__WHAT YOU SHOULD DO__. Go to the line below that has "People wearing face", print it and each line after it exactly, and stop after the line that has "Example of a"; leave out pictures.
DATA SUPPLIED below:
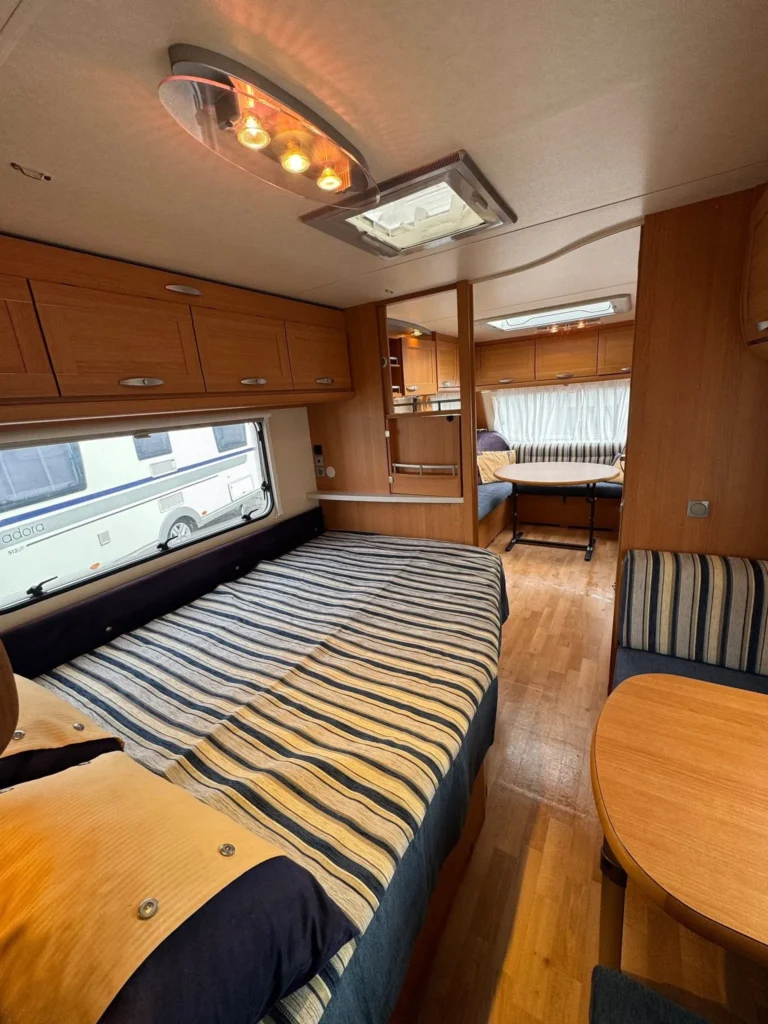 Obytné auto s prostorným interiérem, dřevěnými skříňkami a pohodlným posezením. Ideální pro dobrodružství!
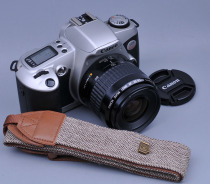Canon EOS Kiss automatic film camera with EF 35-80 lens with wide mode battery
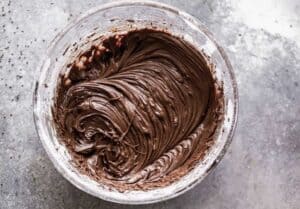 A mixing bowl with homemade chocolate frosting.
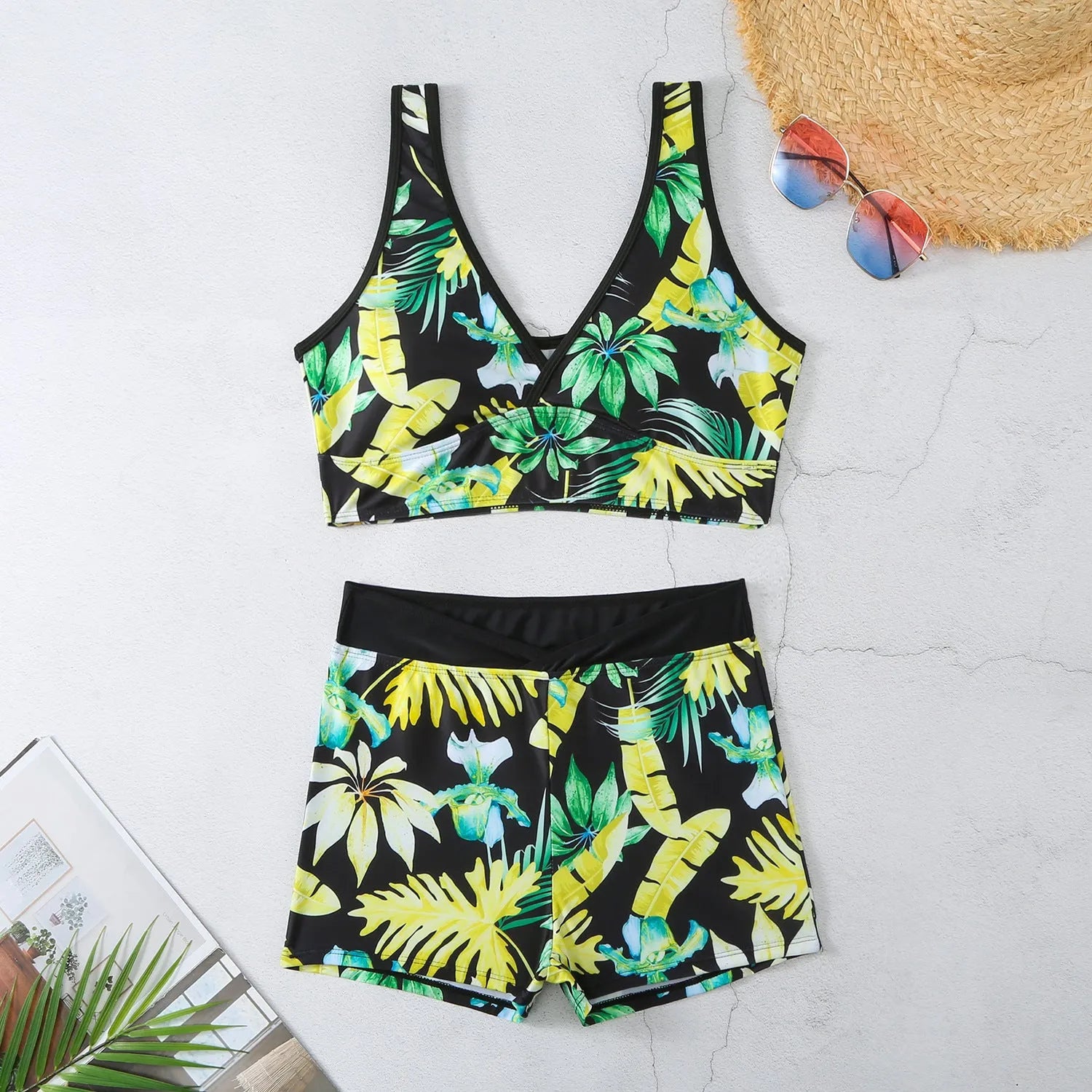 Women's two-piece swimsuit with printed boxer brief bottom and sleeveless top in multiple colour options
End of DATA SUPPLIED.
DATA SUPPLIED below:
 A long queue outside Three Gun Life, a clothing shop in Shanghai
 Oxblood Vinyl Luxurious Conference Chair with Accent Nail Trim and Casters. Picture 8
End of DATA SUPPLIED.
DATA SUPPLIED below:
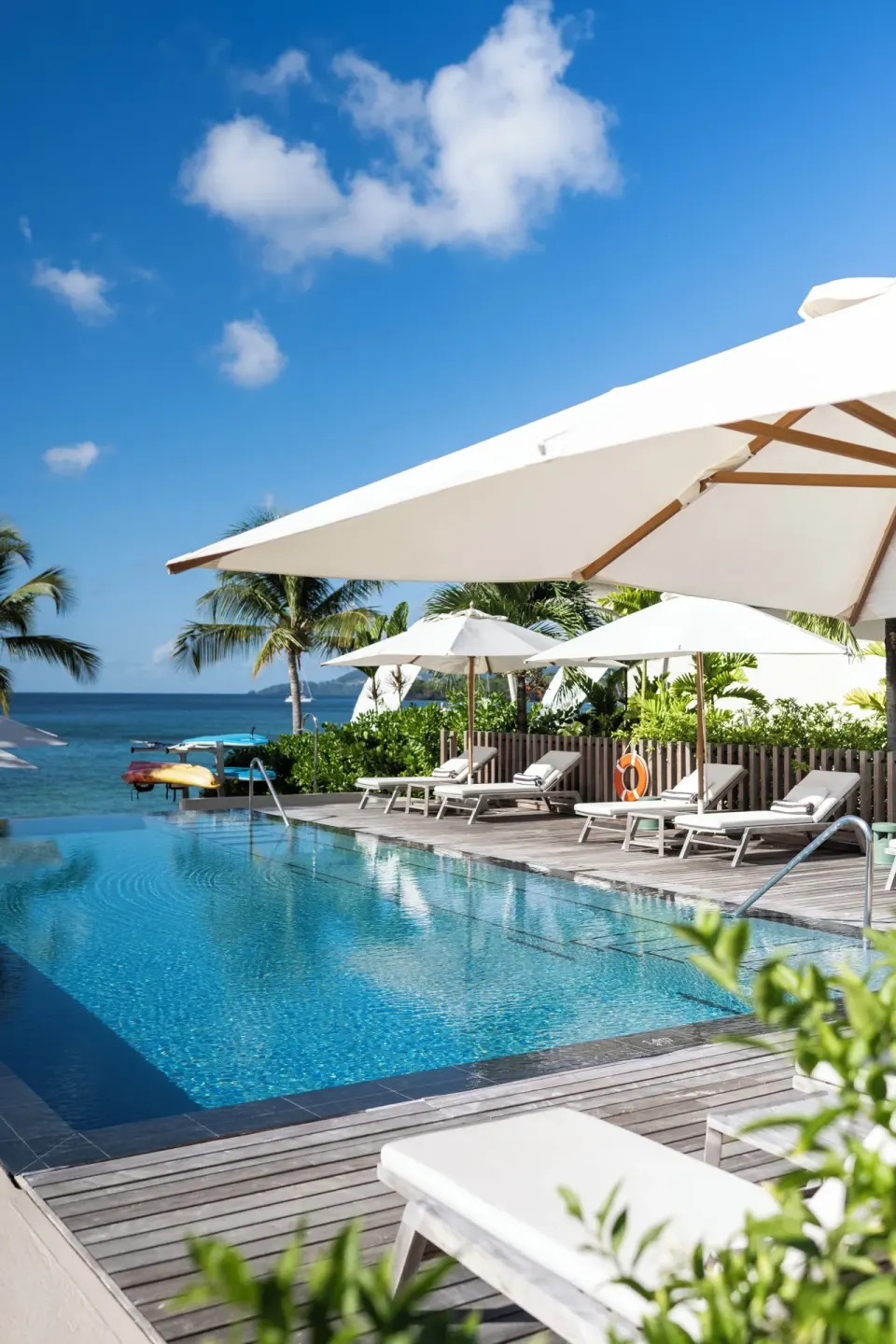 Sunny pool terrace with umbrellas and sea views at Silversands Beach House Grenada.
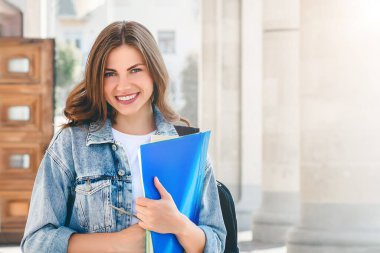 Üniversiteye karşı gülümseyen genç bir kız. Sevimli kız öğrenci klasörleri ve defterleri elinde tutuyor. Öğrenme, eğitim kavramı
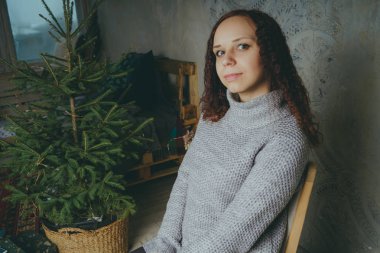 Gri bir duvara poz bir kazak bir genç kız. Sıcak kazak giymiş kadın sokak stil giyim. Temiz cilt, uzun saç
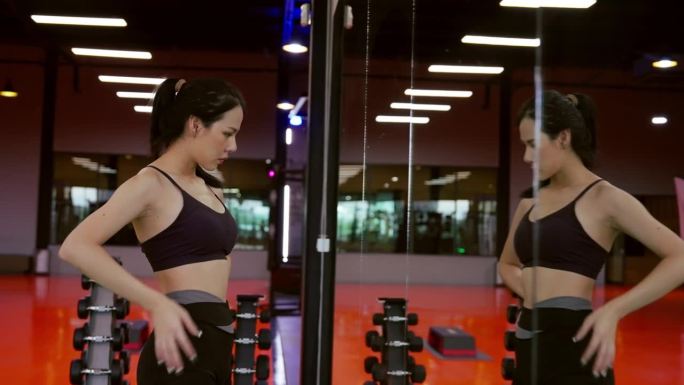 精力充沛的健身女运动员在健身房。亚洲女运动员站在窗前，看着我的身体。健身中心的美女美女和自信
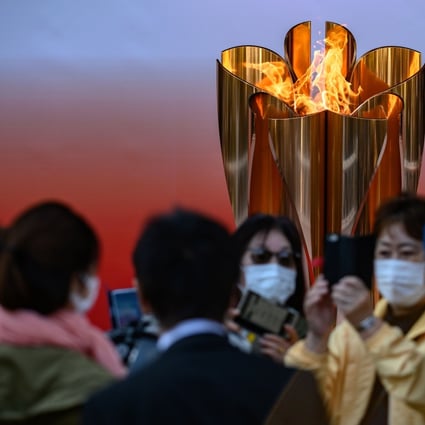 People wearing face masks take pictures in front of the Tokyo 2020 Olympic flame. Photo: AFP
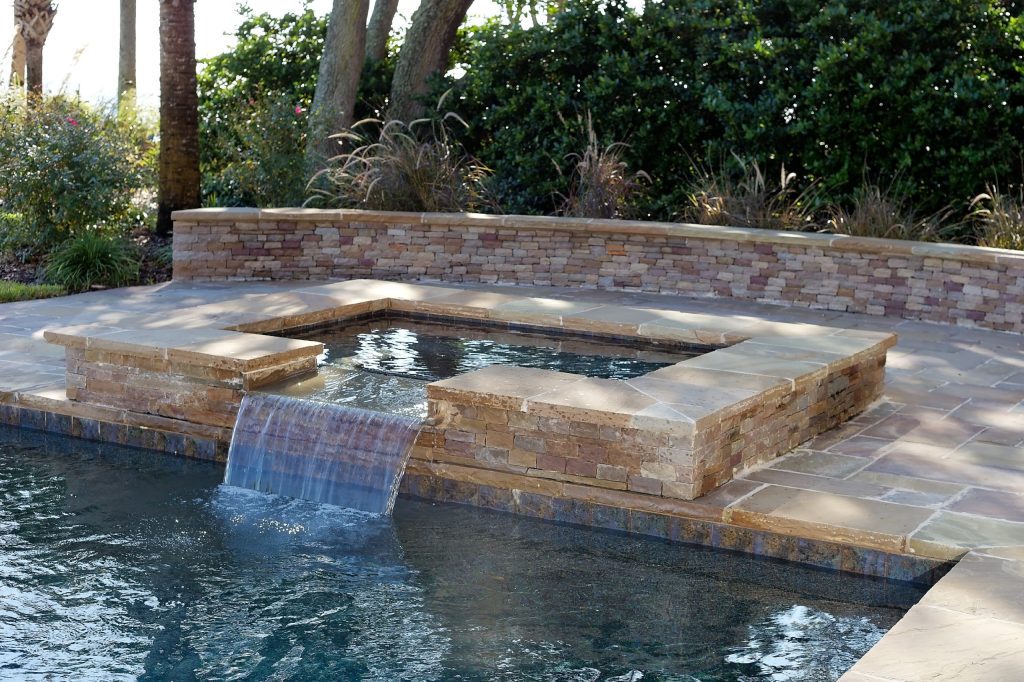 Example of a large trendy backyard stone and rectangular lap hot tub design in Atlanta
End of DATA SUPPLIED.
__TASK ANSWER__.
 People wearing face masks take pictures in front of the Tokyo 2020 Olympic flame. Photo: AFP
 Example of a large trendy backyard stone and rectangular lap hot tub design in Atlanta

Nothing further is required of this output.